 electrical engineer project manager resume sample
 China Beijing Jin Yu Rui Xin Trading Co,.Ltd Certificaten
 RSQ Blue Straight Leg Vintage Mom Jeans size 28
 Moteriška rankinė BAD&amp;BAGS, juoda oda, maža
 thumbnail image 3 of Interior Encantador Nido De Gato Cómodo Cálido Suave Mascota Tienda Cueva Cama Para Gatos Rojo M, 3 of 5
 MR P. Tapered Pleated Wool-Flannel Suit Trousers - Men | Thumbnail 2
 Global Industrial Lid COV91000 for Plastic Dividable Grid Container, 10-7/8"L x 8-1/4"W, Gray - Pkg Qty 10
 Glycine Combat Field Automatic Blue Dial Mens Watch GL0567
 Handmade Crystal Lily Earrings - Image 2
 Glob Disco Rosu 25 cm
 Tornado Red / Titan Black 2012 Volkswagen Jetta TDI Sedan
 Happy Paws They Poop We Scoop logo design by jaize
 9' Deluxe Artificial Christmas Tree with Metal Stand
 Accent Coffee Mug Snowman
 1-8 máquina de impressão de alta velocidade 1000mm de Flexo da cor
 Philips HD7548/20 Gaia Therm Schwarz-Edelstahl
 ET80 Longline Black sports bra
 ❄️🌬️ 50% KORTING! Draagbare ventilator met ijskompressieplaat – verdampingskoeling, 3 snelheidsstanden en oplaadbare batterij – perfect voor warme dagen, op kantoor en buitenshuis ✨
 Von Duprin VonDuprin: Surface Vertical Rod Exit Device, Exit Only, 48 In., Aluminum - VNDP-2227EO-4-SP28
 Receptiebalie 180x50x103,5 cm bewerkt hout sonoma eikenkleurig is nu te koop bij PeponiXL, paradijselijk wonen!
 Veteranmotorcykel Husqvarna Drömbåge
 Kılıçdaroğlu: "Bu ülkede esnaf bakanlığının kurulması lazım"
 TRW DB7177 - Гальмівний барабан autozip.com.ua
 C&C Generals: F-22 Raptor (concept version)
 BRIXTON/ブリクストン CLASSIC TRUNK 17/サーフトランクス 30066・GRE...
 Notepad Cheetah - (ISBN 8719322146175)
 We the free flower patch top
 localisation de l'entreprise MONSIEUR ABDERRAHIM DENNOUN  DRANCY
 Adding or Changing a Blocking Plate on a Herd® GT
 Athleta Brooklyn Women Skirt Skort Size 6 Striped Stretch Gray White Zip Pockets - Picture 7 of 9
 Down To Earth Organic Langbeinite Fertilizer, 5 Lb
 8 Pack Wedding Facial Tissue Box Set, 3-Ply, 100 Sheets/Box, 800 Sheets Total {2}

☆ ☆ ☆ ☆ ☆ ☆ ☆

Reproducing the whole listing above is not the task. Copy exactly only the lines from the one with "Receptiebalie 180x50x103,5 cm" to the one with "Down To Earth", both kept.

 Receptiebalie 180x50x103,5 cm bewerkt hout sonoma eikenkleurig is nu te koop bij PeponiXL, paradijselijk wonen!
 Veteranmotorcykel Husqvarna Drömbåge
 Kılıçdaroğlu: "Bu ülkede esnaf bakanlığının kurulması lazım"
 TRW DB7177 - Гальмівний барабан autozip.com.ua
 C&C Generals: F-22 Raptor (concept version)
 BRIXTON/ブリクストン CLASSIC TRUNK 17/サーフトランクス 30066・GRE...
 Notepad Cheetah - (ISBN 8719322146175)
 We the free flower patch top
 localisation de l'entreprise MONSIEUR ABDERRAHIM DENNOUN  DRANCY
 Adding or Changing a Blocking Plate on a Herd® GT
 Athleta Brooklyn Women Skirt Skort Size 6 Striped Stretch Gray White Zip Pockets - Picture 7 of 9
 Down To Earth Organic Langbeinite Fertilizer, 5 Lb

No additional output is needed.